* Task goal *
The lines below, from the one containing "NR.1 Calcio fluoratum D 6 Spag" through the one containing "ببینید؛ تعقیب و", should be set down exactly, with no pictures and nothing else.

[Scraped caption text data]
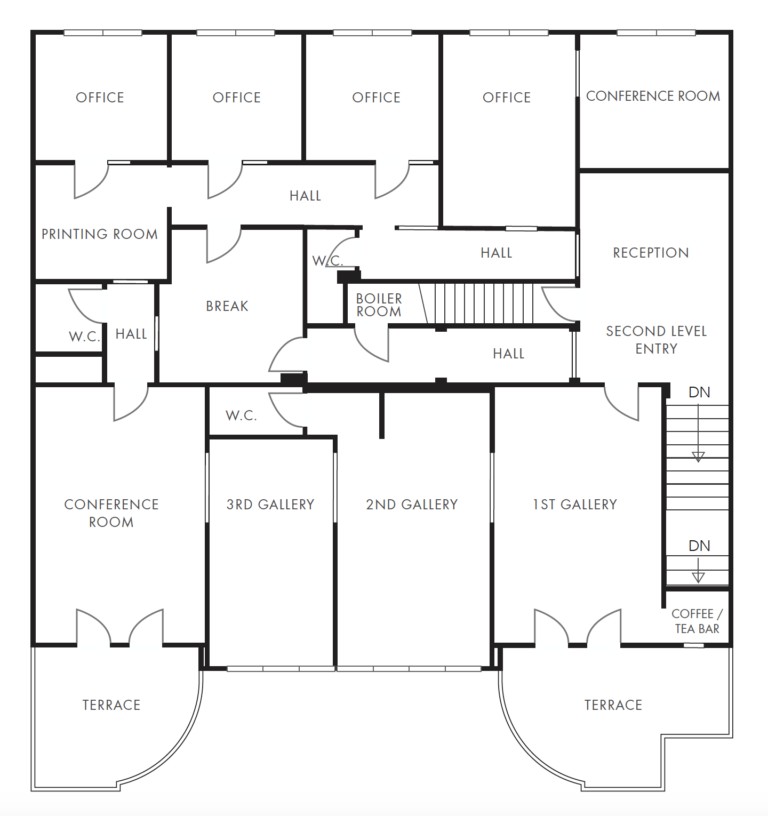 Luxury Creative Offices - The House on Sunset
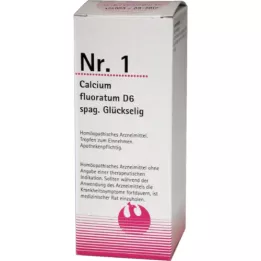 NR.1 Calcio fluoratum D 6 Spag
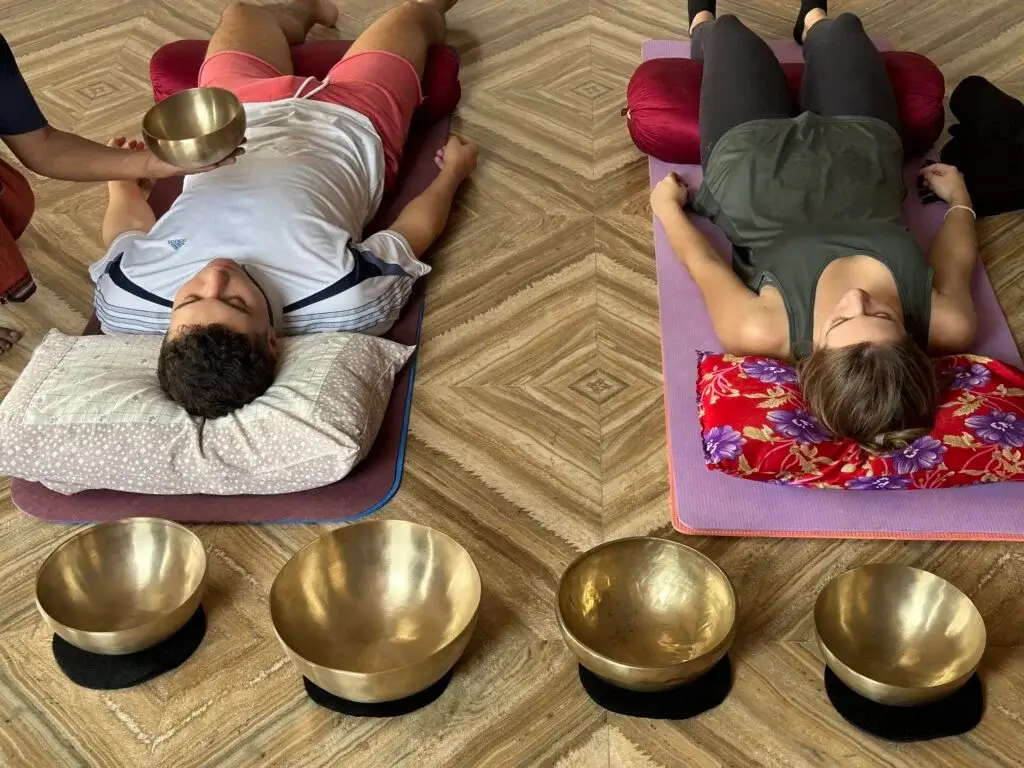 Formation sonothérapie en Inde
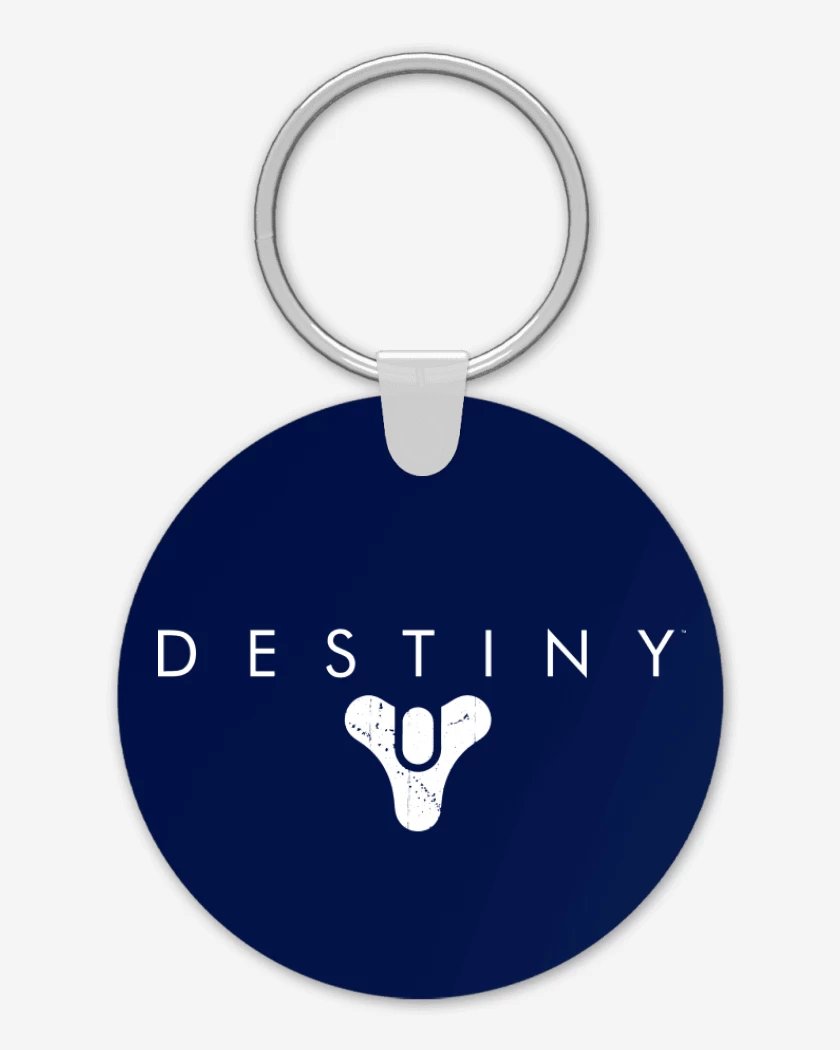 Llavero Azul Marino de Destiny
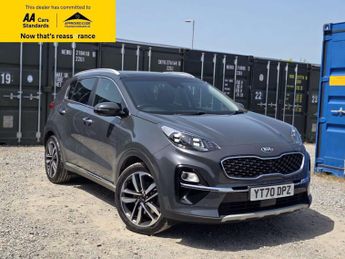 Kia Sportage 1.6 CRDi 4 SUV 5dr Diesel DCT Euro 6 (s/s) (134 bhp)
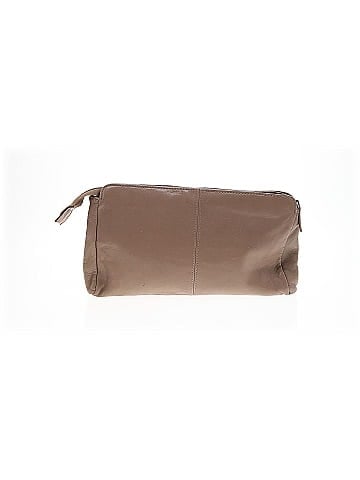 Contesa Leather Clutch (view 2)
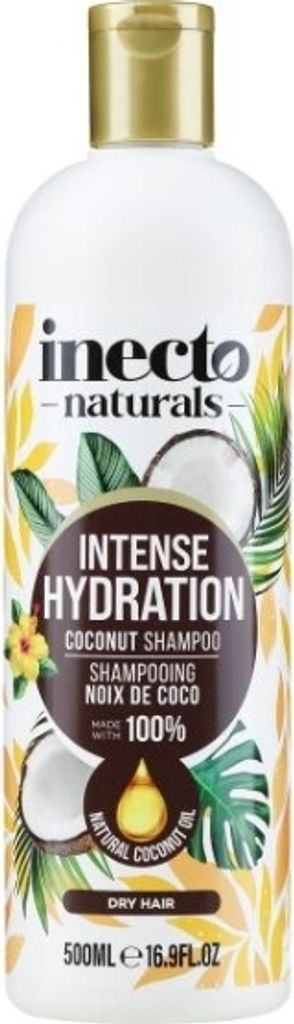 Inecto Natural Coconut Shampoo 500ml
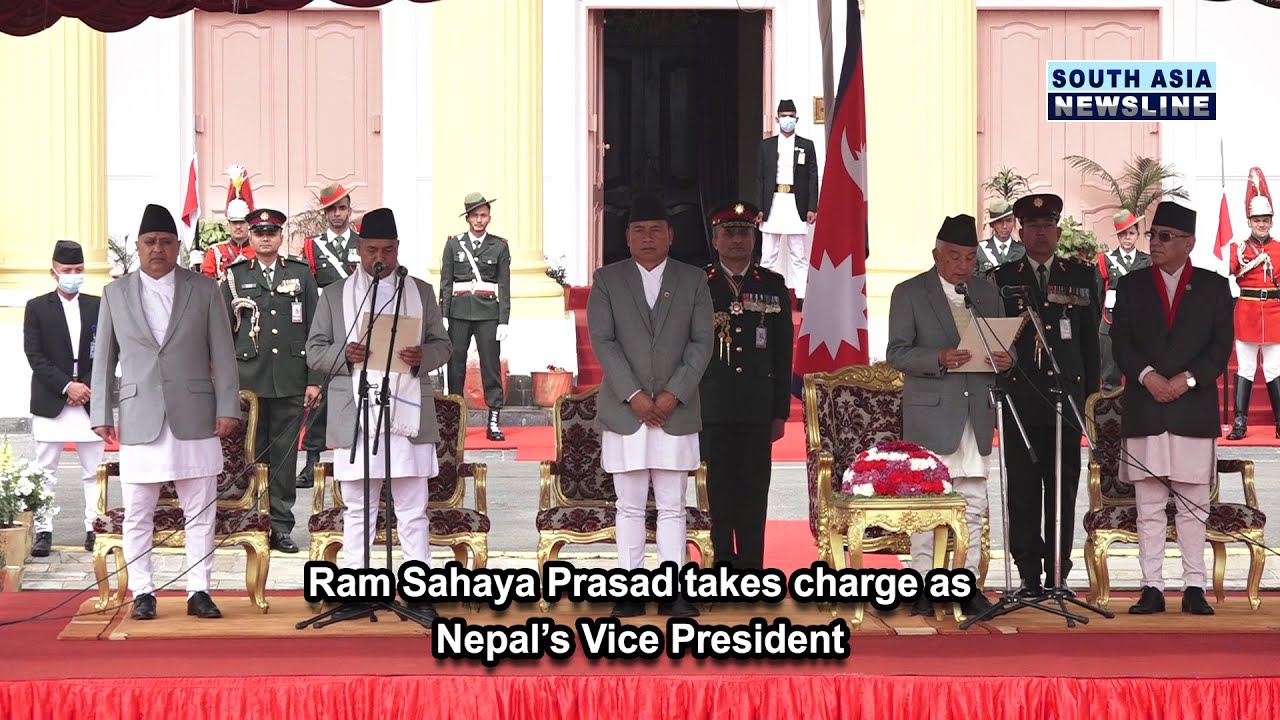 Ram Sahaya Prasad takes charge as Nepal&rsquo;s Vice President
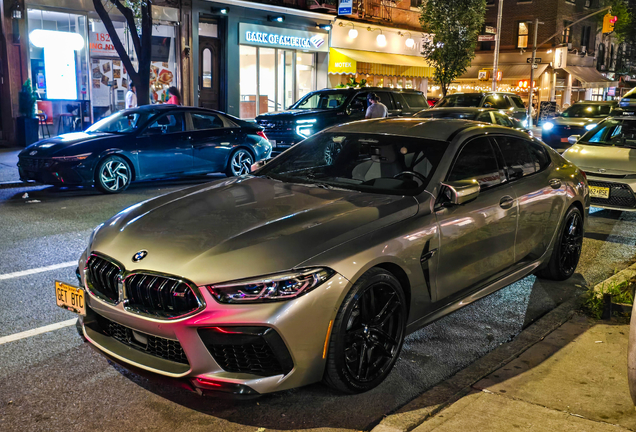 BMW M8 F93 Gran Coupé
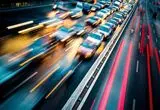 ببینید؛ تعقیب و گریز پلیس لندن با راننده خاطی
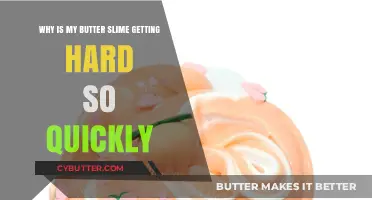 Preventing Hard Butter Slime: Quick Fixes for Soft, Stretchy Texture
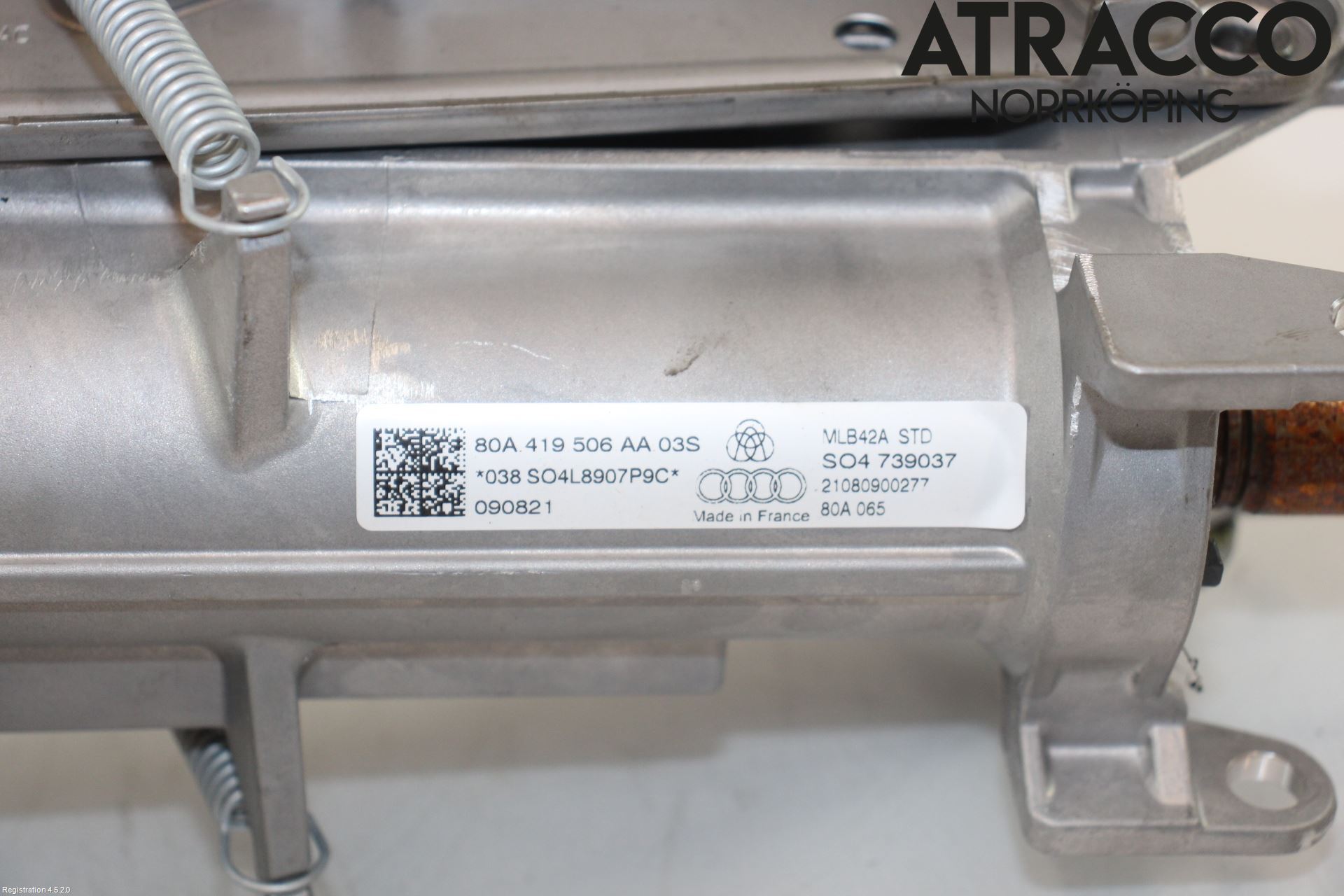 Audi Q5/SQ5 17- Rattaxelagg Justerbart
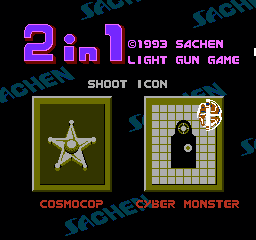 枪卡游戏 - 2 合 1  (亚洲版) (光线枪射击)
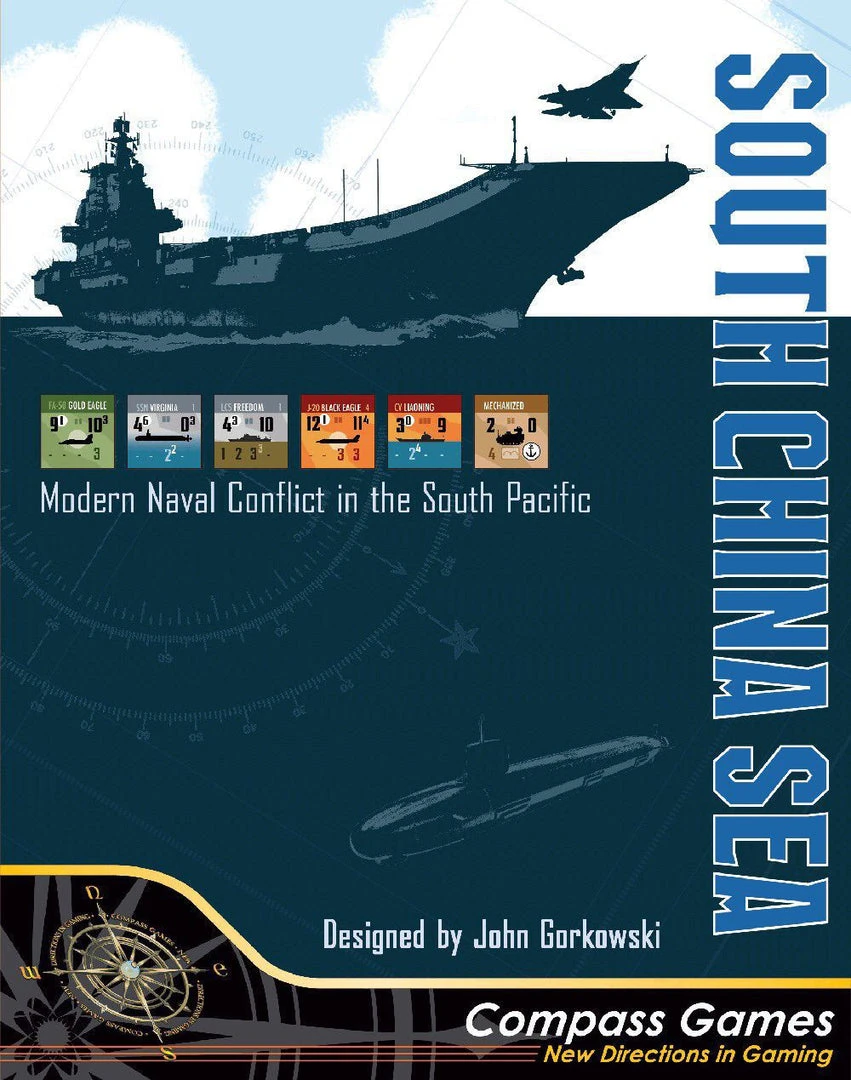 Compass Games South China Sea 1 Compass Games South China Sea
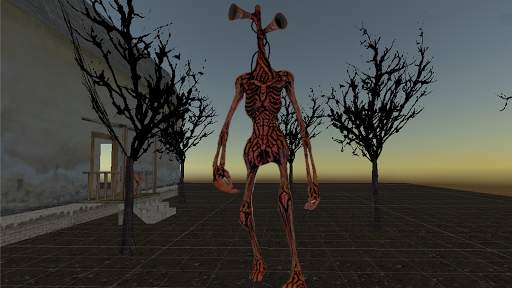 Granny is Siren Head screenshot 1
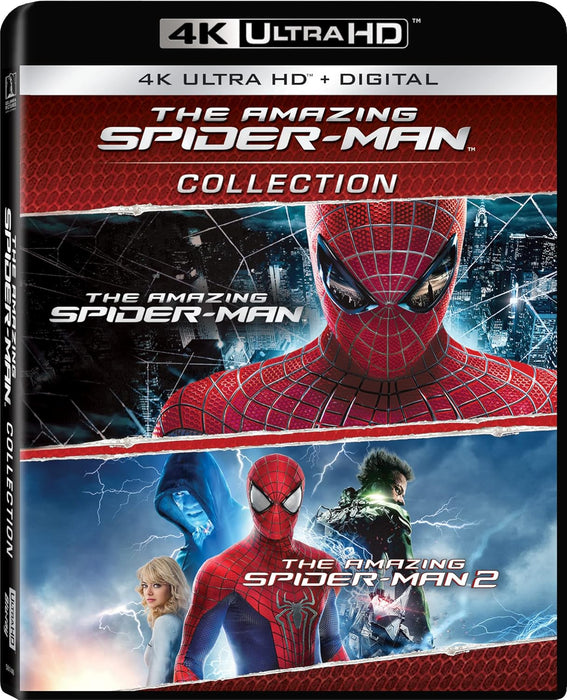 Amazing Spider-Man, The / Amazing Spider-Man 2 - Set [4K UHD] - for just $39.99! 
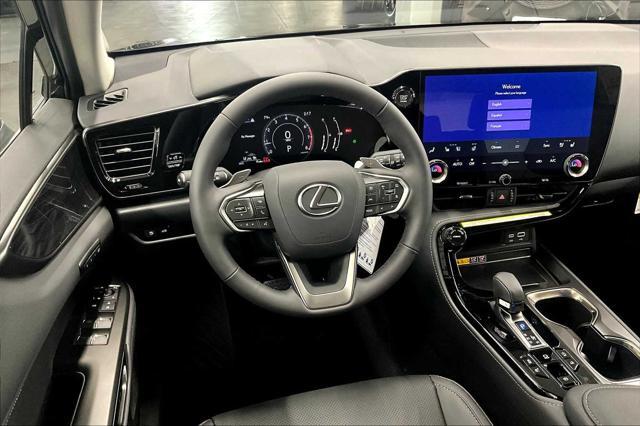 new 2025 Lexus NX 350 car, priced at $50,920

* Response to this task *
 NR.1 Calcio fluoratum D 6 Spag
 Formation sonothérapie en Inde
 Llavero Azul Marino de Destiny
 Kia Sportage 1.6 CRDi 4 SUV 5dr Diesel DCT Euro 6 (s/s) (134 bhp)
 Contesa Leather Clutch (view 2)
 Inecto Natural Coconut Shampoo 500ml
 Ram Sahaya Prasad takes charge as Nepal&rsquo;s Vice President
 BMW M8 F93 Gran Coupé
 ببینید؛ تعقیب و گریز پلیس لندن با راننده خاطی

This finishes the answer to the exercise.